# WHAT NEEDS TO BE DONE:
Your answer is the line containing "Decolonization And World Peace" plus every line after it to the end of the data below, transcribed exactly and with nothing else.

# DATA TO PROCESS:
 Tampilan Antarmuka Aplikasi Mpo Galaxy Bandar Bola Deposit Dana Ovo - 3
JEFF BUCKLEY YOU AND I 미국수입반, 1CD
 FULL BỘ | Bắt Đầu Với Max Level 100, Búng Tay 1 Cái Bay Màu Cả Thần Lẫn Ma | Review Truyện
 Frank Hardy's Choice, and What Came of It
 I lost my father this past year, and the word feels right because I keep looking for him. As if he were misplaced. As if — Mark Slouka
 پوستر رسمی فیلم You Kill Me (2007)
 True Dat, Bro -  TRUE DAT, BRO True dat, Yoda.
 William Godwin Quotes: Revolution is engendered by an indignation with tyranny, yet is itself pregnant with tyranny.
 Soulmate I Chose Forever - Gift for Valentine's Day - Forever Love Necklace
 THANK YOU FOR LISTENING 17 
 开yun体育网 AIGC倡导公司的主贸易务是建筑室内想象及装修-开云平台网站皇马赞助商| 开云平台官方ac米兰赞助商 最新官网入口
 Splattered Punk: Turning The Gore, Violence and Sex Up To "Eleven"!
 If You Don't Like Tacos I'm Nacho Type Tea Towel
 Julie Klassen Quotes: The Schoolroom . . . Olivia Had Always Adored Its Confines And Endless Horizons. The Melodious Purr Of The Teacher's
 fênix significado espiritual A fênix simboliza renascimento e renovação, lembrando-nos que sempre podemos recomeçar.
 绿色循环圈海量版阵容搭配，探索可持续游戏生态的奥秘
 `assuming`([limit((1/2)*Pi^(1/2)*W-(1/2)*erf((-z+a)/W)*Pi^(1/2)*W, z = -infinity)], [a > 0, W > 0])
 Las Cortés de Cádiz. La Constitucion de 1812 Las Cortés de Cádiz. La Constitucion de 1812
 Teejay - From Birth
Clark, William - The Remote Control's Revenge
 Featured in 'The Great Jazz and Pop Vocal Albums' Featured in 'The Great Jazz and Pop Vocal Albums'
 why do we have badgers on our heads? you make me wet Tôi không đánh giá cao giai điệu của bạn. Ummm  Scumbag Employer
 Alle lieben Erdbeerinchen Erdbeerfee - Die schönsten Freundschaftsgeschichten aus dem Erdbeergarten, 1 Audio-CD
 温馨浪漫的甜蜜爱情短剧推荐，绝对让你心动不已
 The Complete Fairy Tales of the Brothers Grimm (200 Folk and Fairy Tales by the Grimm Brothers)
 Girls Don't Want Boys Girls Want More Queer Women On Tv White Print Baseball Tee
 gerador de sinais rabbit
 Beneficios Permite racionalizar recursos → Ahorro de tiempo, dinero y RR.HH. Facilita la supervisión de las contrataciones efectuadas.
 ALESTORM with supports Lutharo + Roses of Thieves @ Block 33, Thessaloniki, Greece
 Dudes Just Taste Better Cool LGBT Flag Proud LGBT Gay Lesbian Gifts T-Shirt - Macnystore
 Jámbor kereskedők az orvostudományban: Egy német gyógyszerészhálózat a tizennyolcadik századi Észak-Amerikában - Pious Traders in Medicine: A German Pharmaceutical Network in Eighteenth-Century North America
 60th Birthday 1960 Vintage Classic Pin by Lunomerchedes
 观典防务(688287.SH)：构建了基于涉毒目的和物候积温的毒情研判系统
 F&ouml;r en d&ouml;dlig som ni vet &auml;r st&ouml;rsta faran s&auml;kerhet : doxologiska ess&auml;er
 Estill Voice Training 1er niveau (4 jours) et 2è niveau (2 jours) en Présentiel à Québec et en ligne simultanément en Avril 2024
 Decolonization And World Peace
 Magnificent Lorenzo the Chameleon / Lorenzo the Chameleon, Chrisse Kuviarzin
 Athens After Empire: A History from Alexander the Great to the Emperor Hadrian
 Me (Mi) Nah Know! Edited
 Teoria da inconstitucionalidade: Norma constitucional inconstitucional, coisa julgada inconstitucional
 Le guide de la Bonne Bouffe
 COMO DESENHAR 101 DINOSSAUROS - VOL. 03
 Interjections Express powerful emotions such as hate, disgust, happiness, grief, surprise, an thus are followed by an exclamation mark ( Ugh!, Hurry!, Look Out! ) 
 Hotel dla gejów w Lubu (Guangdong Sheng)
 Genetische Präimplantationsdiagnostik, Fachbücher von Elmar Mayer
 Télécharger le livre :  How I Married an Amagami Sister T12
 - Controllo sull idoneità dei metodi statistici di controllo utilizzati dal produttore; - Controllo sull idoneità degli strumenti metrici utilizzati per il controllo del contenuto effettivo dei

# TASK OUTPUT:
 Decolonization And World Peace
 Magnificent Lorenzo the Chameleon / Lorenzo the Chameleon, Chrisse Kuviarzin
 Athens After Empire: A History from Alexander the Great to the Emperor Hadrian
 Me (Mi) Nah Know! Edited
 Teoria da inconstitucionalidade: Norma constitucional inconstitucional, coisa julgada inconstitucional
 Le guide de la Bonne Bouffe
 COMO DESENHAR 101 DINOSSAUROS - VOL. 03
 Interjections Express powerful emotions such as hate, disgust, happiness, grief, surprise, an thus are followed by an exclamation mark ( Ugh!, Hurry!, Look Out! ) 
 Hotel dla gejów w Lubu (Guangdong Sheng)
 Genetische Präimplantationsdiagnostik, Fachbücher von Elmar Mayer
 Télécharger le livre :  How I Married an Amagami Sister T12
 - Controllo sull idoneità dei metodi statistici di controllo utilizzati dal produttore; - Controllo sull idoneità degli strumenti metrici utilizzati per il controllo del contenuto effettivo dei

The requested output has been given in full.